The Wrong Man review: Chilling account of an innocent man’s 17-year prison nightmare

This documentary packs an awful lot into its 60 minutes. It’s a harrowing account of an prisoner struggling to hold onto hope, and a catalogue of official incompetence, indifference and malice

'The Wrong Man: 17 Years Behind Bars' is on BBC2 at 9pm. Photo: Ben Broomfield / Appeal

Pat Stacey

Jemma Gander and Fran Robertson’s documentary The Wrong Man (BBC2, tonight, 9pm), about the shocking miscarriage of justice perpetrated on an innocent man called Andrew Malkinson, is a marvel of economy and restraint.

It distils his 17-year nightmare into a compact hour that will leave anyone who watches it enraged.

“I’m an ordinary citizen,” says Malkinson, straight to camera, in the opening minute, “and ordinary people should be aware you can be taken. And once they’ve got you, they don’t want to let you go.”

In September 2004, a young woman in Salford, Greater Manchester was dragged along a motorway embankment, repeatedly kicked and punched into unconsciousness, raped and left for dead.

Two weeks later, two officers from Greater Manchester Police knocked on the door of Malkinson’s home in Grimsby. He was surprised that they already knew his name. Then they told him he was being arrested on suspicion of rape and attempted murder.

Malkinson, 37 at the time, was handcuffed and taken to a cell. Bewildered as he was, he believed it must be some kind of misunderstanding. Everything would soon be cleared up.

He was arrested for the flimsiest of reasons: he resembled the victim’s description of her attacker. It emerged much later that the arresting officers had met Malkinson before, briefly. He was the pillion passenger on a motorbike they’d stopped a couple of weeks earlier during a routine road check.

He retained his faith in the British justice system. He was convinced the trial would clear him

Malkinson was happy to have a DNA sample taken. He was an innocent man; what did he have to fear? He was also content to be part of an identity parade. “I thought, ‘There’s no way they’ll pick me’,” he says now. But he was picked. At that point, he began to feel he might have something to fear after all, and broke down in tears back in his cell.

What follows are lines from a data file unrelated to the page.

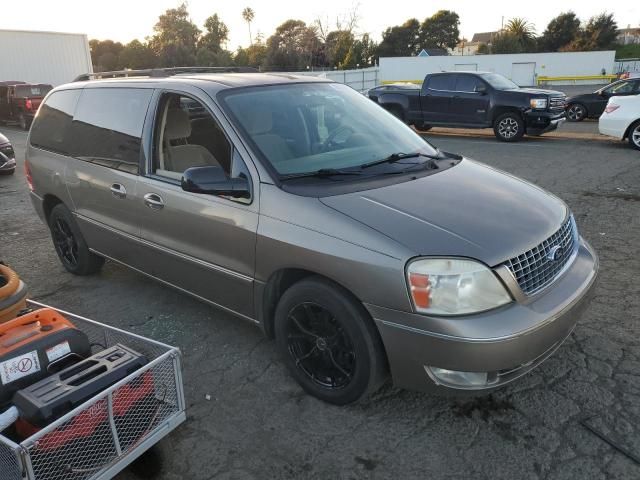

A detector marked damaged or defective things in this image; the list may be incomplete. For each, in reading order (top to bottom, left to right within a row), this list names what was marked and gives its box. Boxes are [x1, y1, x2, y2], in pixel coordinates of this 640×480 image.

cracked asphalt [0, 124, 636, 480]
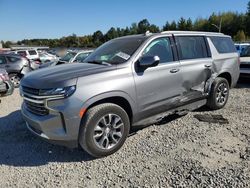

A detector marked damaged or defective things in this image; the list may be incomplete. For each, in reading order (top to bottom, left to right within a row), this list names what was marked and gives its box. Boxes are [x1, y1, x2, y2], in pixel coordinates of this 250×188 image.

damaged rear door [175, 35, 212, 103]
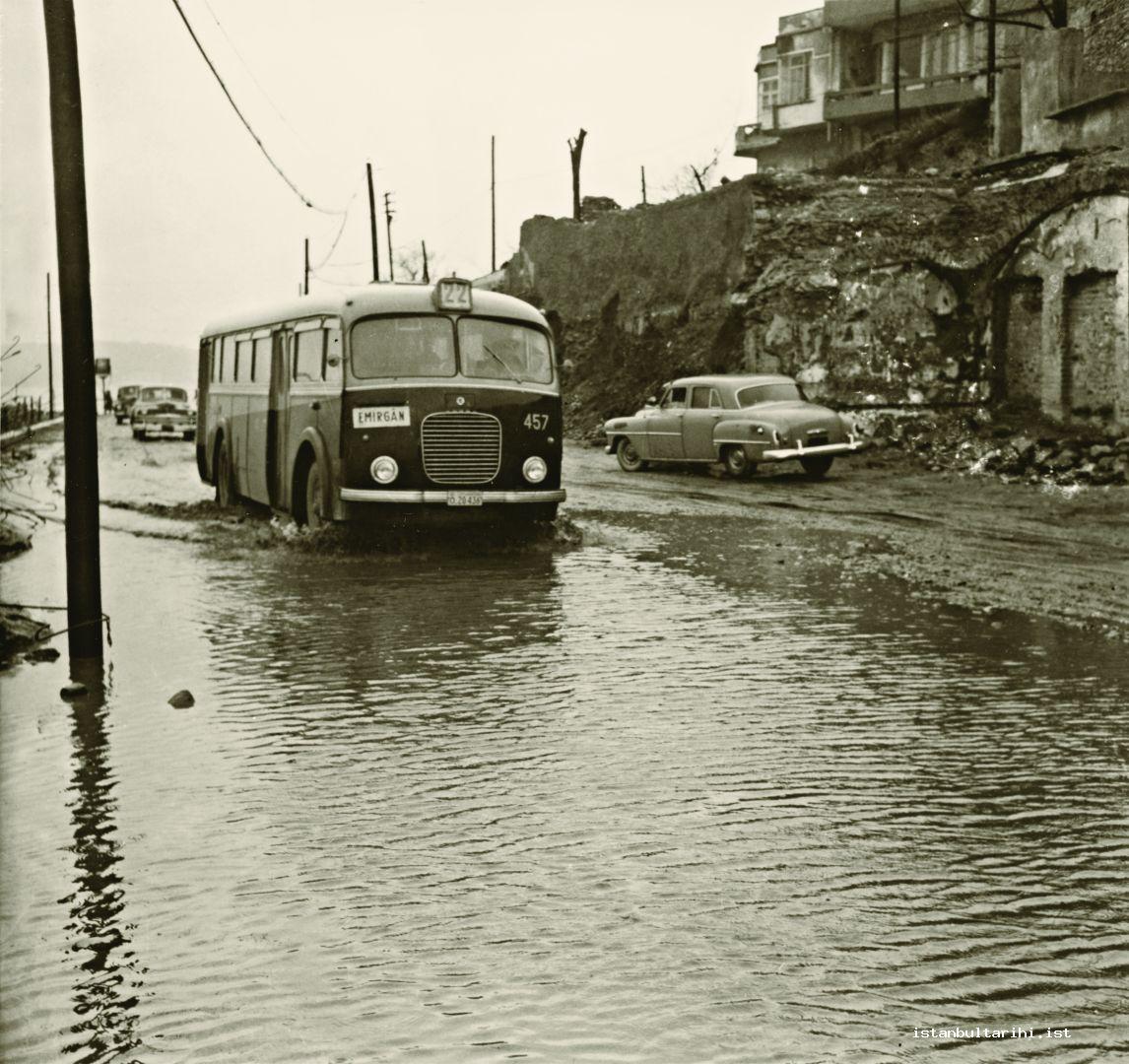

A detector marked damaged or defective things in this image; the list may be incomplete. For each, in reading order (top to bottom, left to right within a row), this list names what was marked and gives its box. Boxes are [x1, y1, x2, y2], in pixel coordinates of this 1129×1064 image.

damaged stone wall [502, 148, 1127, 433]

Nonetheless, he retained his faith in the British justice system. He was convinced the trial would clear him. Neal Keeling, a reporter who covered the trial for the Manchester Evening News, had deep misgivings about the whole thing.

A man’s DNA was found on the victim’s clothes, which included a vest and underwear, but it wasn’t Malkinson’s DNA. The prosecution’s case rested on the result of the identity parade and the testimony of two witnesses, a man and a woman, who claimed they’d seen Malkinson emerge from the embankment.

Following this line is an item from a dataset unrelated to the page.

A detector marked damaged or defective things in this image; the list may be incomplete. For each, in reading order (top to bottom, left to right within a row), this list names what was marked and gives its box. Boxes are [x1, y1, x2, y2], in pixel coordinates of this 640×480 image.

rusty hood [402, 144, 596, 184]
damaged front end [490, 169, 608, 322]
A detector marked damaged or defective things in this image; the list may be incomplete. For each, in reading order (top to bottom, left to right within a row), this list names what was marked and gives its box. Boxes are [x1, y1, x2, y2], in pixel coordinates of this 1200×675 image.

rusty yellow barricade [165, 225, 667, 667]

The integrity of these witnesses, says Keeling, was never questioned, something which, years later, would emerge as not just a crucial failure by the prosecution, but a possible incidence of corruption and collusion with the couple, who had significant criminal records.

Because Malkinson, who liked to travel, had spent many years abroad, said Keeling, he was presented as a drifter and an oddball — red meat to the red-top newspapers.

Despite the glaring holes in the prosecution’s case, the moment that damned Malkinson was when the victim said in court she was “100pc sure” he was the man who raped her.

The jury found Malkinson guilty of rape by a 10-2 majority, but not guilty of attempted murder. He was sentenced to life with a minimum of seven years.

He ended up serving 17 years and three months, after which the parole board decided in 2020 that he’d done enough time for his “crime”. It took until last year for him to be exonerated in a long overdue appeal, following the years-long efforts of charity law practice Appeal to clear him.

Malkinson could have got out of prison many years earlier, after his first parole hearing, but that would have meant admitting guilt for a crime he didn’t commit — and that’s something he was not prepared to do, no matter how long he had to spend behind bars.

The Wrong Man packs an awful lot into its 60 minutes. It’s a harrowing account of an innocent man struggling to hold onto hope and his sanity in the grip of a nightmare, a catalogue of official bungling, incompetence, indifference and malice.

But it’s also the story of the damage wrought not just on Malkinson, who has flashbacks, nightmares and short-term memory difficulties, but on the family members who doubted his innocence and will always be scarred by guilt and shame. Desperately sad in a multitude of ways.